I Am Part of the Problem

For my entire life, I have surrounded myself with White people. Growing up in the suburbs of Buffalo, I could count the number of my Black classmates on one hand. After watching the LAPD beat the shit out of Rodney King, I was not compelled to reach out to any of them.

When it came time to go to college, I chose an even less diverse place – a small Franciscan college near the Pennsylvania border. I did not care at all about Saint Francis. But I certainly cared about feeling comfortable.

Since then, I have chosen to work for five overwhelmingly White companies. Because I rarely heard racist things, I therefore believed these were non-racist places.

A year after Trayvon Martin was murdered for being Black and wearing a hoodie, I chose to move away from my hometown with my wife, who I adore and who also is White. I suggested Maine – quite literally the whitest state in America. I love Maine; the nature is gorgeous. But from the perspective of my awareness of racial injustice, this was like a caterpillar deciding against becoming a butterfly and lining its cocoon instead.

For the last 20 years, I have felt compelled to write about music, and a lot about hip-hop specifically. In 2002, I wrote my first-ever “column” in a local rag about why suburban kids like me love rap. Using the “family values” conservative and noted rap-hater William Bennett as a straw man, I wrote, “The more you try to hide a culture, the more we want to be a part of it.”

But I clearly never wanted that. As I write this, 18 years later, it is from that same deafening cocoon of White privilege. A place where opportunities fall in my lap. Where I never have to fear physical harm. Where I rarely see Black faces, but seek attention for writing about Black artists. When a Minneapolis police officer casually murdered George Floyd, keeping his hands in his pockets as his victim cried for his mother, I was getting buzzed on craft beer and enjoying a fire in my backyard – where almost all of my neighbors are White.
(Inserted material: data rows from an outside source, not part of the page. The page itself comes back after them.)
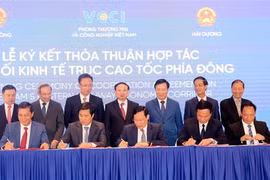 Lễ ký kết thỏa thuận kết nối kinh tế trục cao tốc phía Đông. (Ảnh: Văn Đức/TTXVN)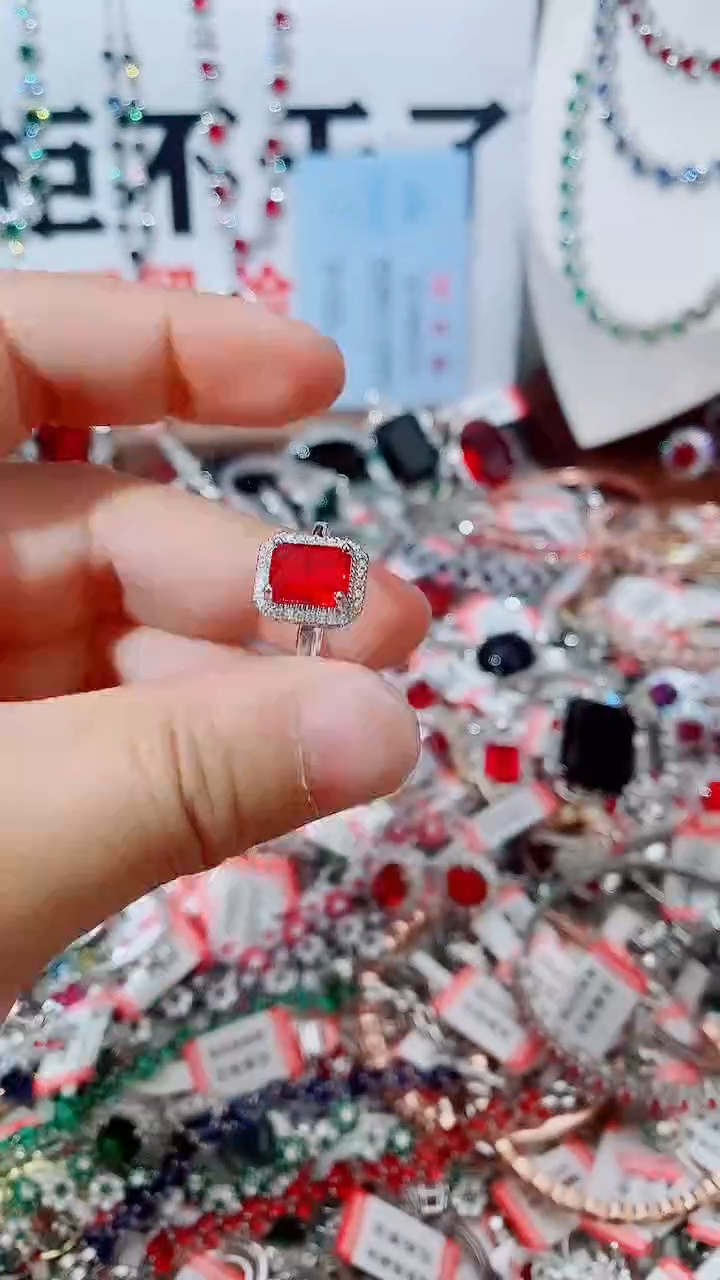 未镶嵌戒指红宝石红宝石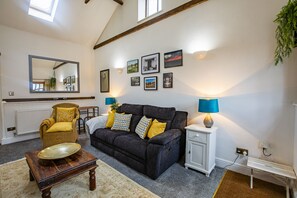 Cottage | Living area | TV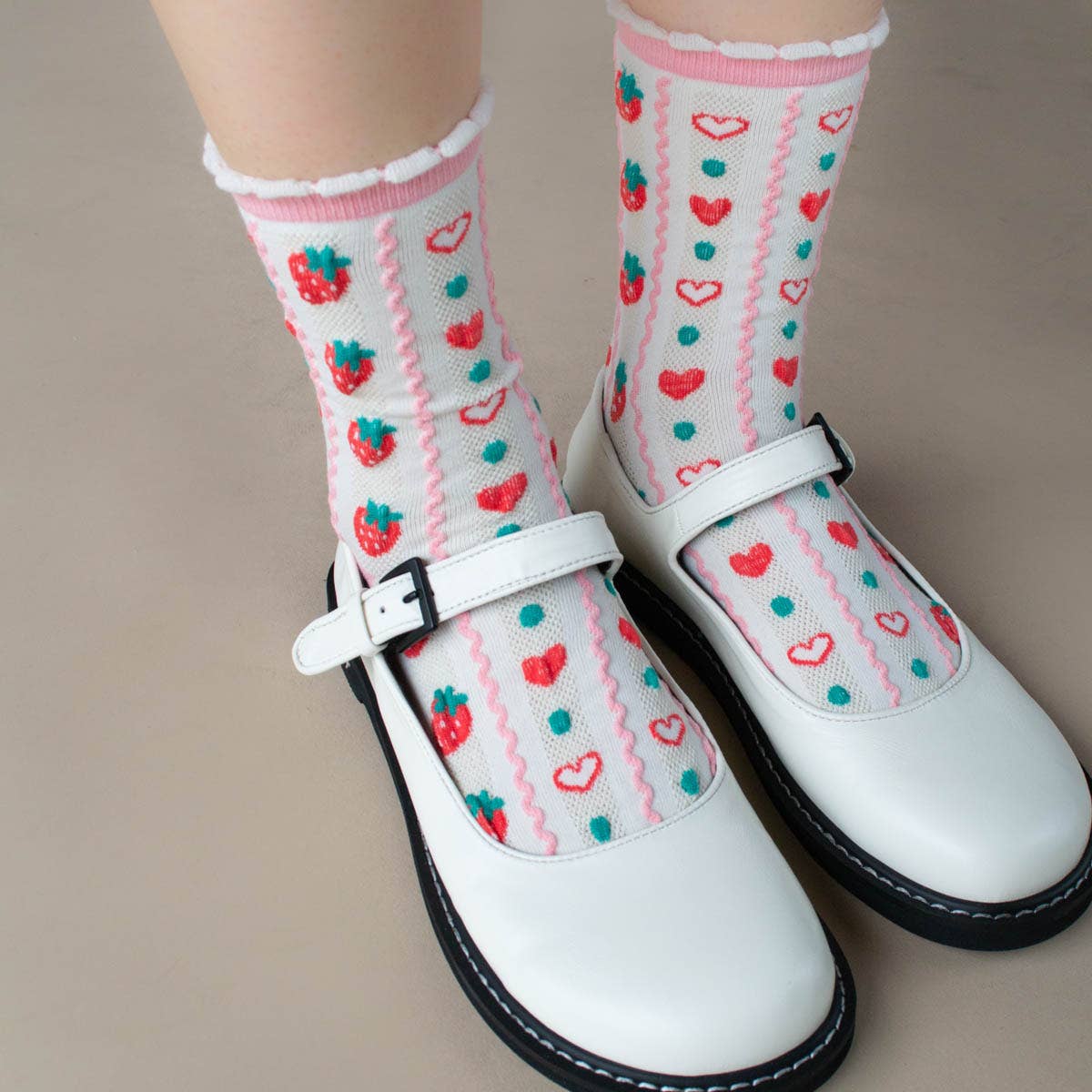 Retro Strawberry Casual Socks: Blue/Strawberry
My racist preferences have perpetuated a racist system. I haven’t had to do anything to be complicit in this system, because it’s got centuries of fuel in the tank – a despicable legacy of murder, rape, and rank dehumanization. Black people have always known this of course. They’ve been pointing at it, screaming at us to at the very least acknowledge it.

So here I am, doing the very least. I wish I had some big reveal to share here. I have donated some money. I am pushing for antiracist policies at work. But I haven’t been to a protest. I remain part of the problem, no matter how much that makes me want to throw up.

I finally see the walls of privilege that racism has built for me. If you feel like giving me credit for this, please wait until I have burned them down.